Manisha Naik

Personal information
- Date of birth: 1 April 2003 (age 22)
- Place of birth: Keonjhar, Odisha, India
- Position: Forward

Team information
- Current team: Odisha
- Number: 9

Senior career*
- Years: Team / Apps / (Gls)
- Sports Odisha
- Odisha Police
- 2024–: Odisha

International career^{‡}
- 2020: India U17
- 2025–: India / 1 / (0)

= Manisha Naik =

Indian footballer (born 2003)

Manisha Naik (born 1 April 2003) is an Indian professional footballer from Odisha, who plays as a forward for the Indian Women's League club Nita and the India national football team. She has also played for Sports Odisha and Odisha state in the domestic competitions.

== Early life ==
Naik is from Keonjhar, Odisha. She learnt her basics at the Sports Hostel, Bhubaneswar. One of her first coaches were Mamata Sawant and Geetanjali Khuntia. She is employed with Odisha Police. She now trains under Crispin Chettri.

== Career ==

=== Domestic ===
Naik started as a sub-junior player for Odisha which reached the semifinals of the sub-junior Girls National Football Championship played at Imphal, Manipur in October 2017. She played the sub Junior Nationals again at home in Cuttack and scored 10 goals as part of the Odisha team in July 2018.

One of her first medals with senior Odisha women came when they won the silver medal in the 36th National Games at Ahmedabad on 10 October 2022. She played the 28th Senior National (final round) at Kolkata in May 2024 and the 29th Senior Women National Football Championship for Odisha at Chhattisgarh in December 2024, where as part of Odisha team, she won a silver medal. In February 2025, she was also part of the Odisha team that won the silver medal in the 38th National Games at Haldwani, Uttarakhand.
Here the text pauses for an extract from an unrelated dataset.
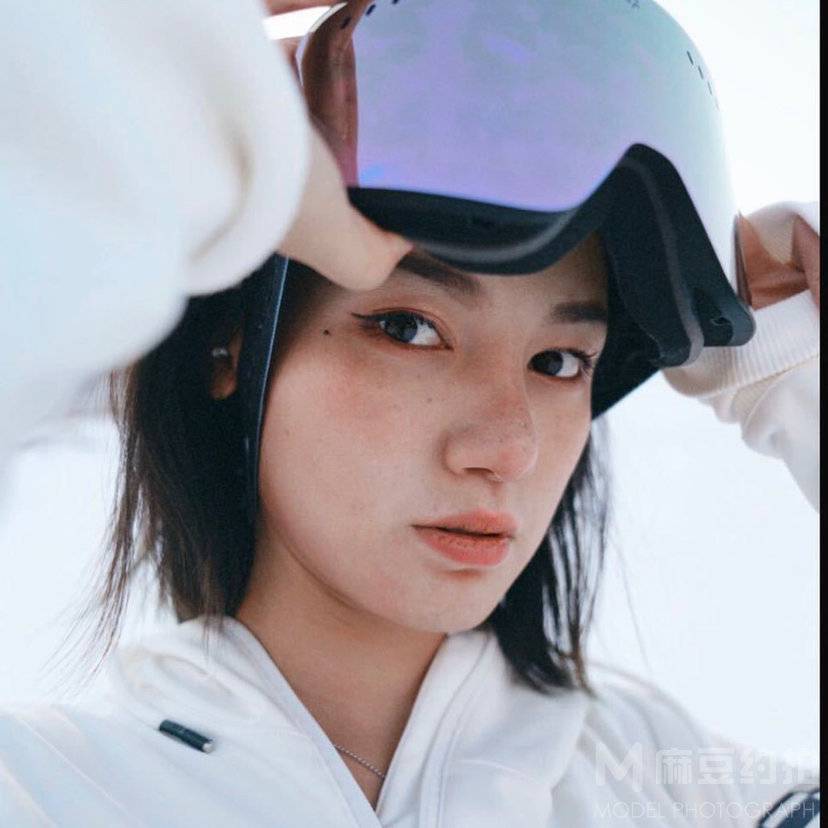 纪实模特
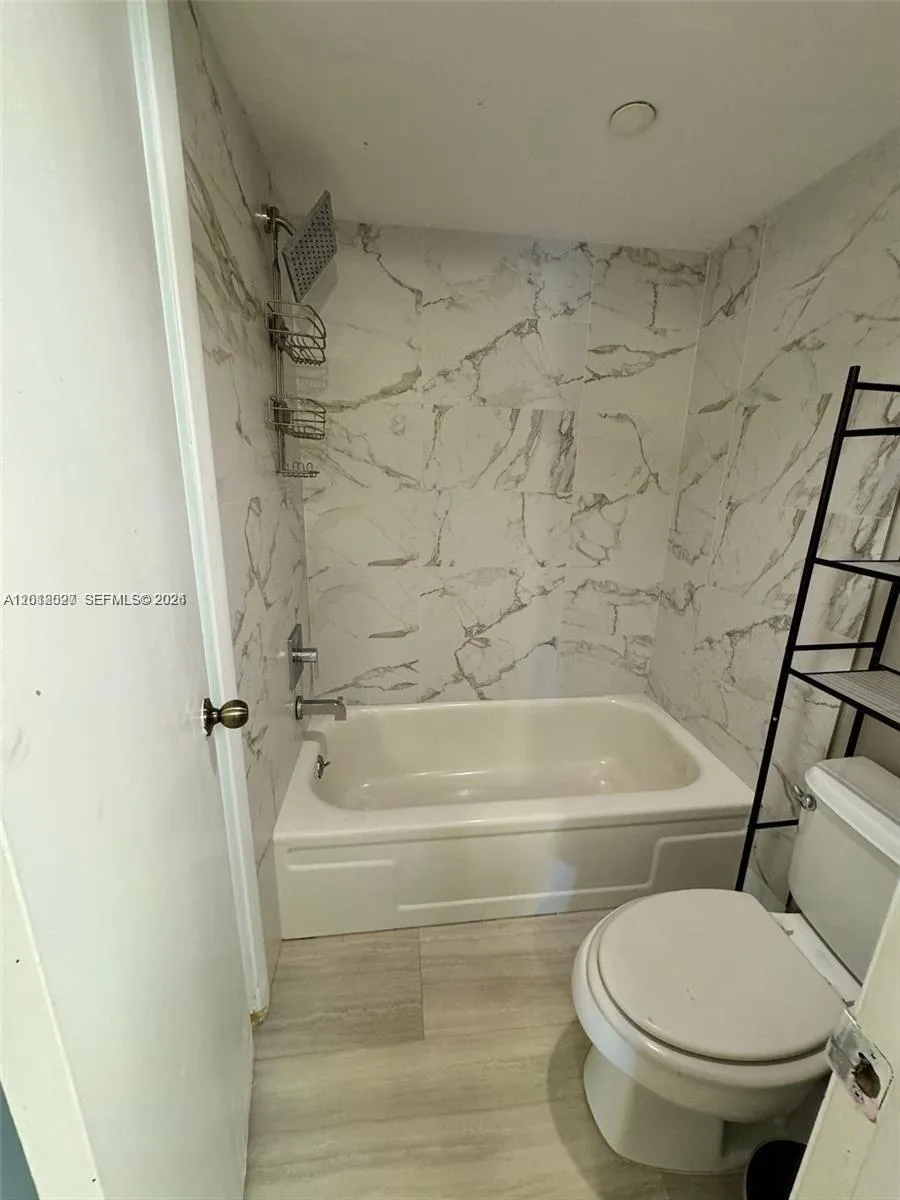 1100 Saint Charles Pl #606 Pembroke Pines, FL 33026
In March 2020, she also represented the bronze winning Odisha state police team at the BN Mullik Memorial  All India Police Football championships at Agartala, Tripura in March 2025.

=== International ===
Naik made her Senior India debut in the first of the two FIFA Women’s International Friendlies against Uzbekistan played on 30 May 2025 at the Padukone-Dravid Centre for Sports Excellence stadium, Bengaluru.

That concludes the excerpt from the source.